Follow the instructions on the assignments page on how and when to turn these in.  Point values of each problem are shown in brackets.  Be sure to also complete the programming part of this assignment, including the program report.  Although the programming part of this assignment can be done with a partner, these exercises, as well as the program report, must be completed and submitted individually (as usual).

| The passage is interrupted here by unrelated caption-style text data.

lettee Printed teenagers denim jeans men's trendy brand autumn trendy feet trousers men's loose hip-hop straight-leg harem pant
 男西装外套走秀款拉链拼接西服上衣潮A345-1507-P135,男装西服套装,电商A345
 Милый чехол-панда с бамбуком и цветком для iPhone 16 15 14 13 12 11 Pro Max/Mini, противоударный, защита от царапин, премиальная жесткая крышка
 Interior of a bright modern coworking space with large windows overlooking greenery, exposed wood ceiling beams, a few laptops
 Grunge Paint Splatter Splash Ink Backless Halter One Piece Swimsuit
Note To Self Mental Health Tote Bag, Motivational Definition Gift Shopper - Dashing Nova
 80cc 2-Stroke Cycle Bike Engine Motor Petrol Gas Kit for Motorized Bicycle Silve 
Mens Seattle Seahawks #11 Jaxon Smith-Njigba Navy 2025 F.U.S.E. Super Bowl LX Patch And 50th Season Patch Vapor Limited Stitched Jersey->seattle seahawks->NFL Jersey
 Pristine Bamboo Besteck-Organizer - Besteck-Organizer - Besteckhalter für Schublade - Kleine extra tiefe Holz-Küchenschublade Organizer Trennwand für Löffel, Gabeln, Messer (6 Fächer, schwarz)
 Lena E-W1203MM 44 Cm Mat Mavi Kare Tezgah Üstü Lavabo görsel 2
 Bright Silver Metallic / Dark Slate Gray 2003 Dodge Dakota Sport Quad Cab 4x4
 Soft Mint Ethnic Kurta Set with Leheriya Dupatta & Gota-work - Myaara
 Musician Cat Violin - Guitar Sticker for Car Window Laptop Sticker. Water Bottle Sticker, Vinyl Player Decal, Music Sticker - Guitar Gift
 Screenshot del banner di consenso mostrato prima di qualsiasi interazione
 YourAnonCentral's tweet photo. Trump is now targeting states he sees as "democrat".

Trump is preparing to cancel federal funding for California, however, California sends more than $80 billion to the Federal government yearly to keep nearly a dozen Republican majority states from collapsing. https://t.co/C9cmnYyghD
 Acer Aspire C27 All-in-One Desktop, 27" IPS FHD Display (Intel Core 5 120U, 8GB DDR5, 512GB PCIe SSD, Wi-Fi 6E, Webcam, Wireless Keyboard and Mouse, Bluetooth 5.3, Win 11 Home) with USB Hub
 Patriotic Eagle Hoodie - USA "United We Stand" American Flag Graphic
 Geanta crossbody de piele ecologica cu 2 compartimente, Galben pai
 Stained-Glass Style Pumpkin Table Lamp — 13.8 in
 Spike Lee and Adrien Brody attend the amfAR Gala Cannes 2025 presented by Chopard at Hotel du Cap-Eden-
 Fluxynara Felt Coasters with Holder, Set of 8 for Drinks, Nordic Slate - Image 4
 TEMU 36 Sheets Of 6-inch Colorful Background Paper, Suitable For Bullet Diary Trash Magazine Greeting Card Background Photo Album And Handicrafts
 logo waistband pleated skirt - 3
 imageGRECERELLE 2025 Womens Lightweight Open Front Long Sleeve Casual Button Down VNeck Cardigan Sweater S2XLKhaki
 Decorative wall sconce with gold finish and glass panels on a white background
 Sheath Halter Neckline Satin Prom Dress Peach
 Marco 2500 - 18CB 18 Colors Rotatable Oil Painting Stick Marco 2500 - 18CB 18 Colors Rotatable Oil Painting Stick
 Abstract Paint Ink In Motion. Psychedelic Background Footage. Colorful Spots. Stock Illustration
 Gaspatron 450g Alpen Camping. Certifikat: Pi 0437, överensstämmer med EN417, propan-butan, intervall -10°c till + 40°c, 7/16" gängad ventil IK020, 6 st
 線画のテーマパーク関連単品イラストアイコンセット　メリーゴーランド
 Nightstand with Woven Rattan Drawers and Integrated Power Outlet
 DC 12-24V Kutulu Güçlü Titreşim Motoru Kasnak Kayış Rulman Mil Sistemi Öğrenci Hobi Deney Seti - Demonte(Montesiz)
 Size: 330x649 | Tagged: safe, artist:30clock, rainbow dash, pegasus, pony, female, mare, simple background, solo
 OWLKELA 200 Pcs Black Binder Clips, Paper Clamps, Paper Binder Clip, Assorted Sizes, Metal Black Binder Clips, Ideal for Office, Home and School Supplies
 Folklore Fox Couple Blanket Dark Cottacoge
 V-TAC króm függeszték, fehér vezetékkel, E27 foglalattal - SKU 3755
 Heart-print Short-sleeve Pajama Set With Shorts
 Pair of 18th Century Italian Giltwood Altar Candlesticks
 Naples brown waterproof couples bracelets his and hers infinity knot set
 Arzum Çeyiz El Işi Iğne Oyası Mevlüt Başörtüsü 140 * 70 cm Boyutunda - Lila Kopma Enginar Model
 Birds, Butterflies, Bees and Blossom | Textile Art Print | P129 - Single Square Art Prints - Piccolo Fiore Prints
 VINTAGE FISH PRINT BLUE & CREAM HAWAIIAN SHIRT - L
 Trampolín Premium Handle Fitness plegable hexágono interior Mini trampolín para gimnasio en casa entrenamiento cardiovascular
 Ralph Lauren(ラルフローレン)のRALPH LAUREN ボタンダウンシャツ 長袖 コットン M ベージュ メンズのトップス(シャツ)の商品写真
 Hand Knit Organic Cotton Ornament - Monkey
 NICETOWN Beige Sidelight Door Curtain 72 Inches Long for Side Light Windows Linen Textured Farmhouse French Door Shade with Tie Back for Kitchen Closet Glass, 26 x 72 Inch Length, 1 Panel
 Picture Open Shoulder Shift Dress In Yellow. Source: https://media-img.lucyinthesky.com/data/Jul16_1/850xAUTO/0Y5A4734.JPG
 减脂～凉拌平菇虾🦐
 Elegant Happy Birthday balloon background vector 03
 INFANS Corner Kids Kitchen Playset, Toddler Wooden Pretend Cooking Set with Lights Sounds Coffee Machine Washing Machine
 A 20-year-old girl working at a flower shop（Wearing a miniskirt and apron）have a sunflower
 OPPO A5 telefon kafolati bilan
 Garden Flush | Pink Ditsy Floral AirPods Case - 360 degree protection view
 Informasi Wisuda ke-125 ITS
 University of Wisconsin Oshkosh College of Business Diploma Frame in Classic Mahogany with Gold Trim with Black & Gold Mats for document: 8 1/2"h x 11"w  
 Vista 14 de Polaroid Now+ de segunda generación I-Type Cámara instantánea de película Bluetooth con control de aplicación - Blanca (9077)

1. [4]  For the following graph, show the search tree (as in class) that is induced by DFS, and list the vertices in the order in which they are visited for the first time, starting from vertex A.  Assume that you iterate through the vertices adjacent to v in increasing order.
   
   
    
2. [4]  Repeat the last exercise for BFS.  Also give the length of the shortest path (number of edges) from vertex A to each other vertex.
    
3. [4]  For the following weighted graph, list the order in which edges are added to the MST by Prim's algorithm, starting with vertex A.  What is the total weight of the MST that was found?
   
   
    
4. [4]  Repeat the last exercise for Kruskal's algorithm.  What is the total weight of the MST that was found?
    
5. [10]  (CLRS exercise 15-7, slightly adapted)  Suppose you have one machine and a set of N jobs a₁, a₂, ..., a_N to process on that machine.  Each job a_j has a processing time t_j, a profit p_j, and a deadline d_j.  The machine can process only one job at a time, and job a_j must run uninterruptedly for t_j consecutive time units.  If job a_j is completed by its deadline d_j, you receive a profit p_j, but if it is completed after its deadline, you receive a profit of 0.  Give a dynamic-programming algorithm to find the schedule that obtains the maximum amount of profit, assuming that all processing times and deadlines are integers between 1 and M.  What is the running time of your algorithm?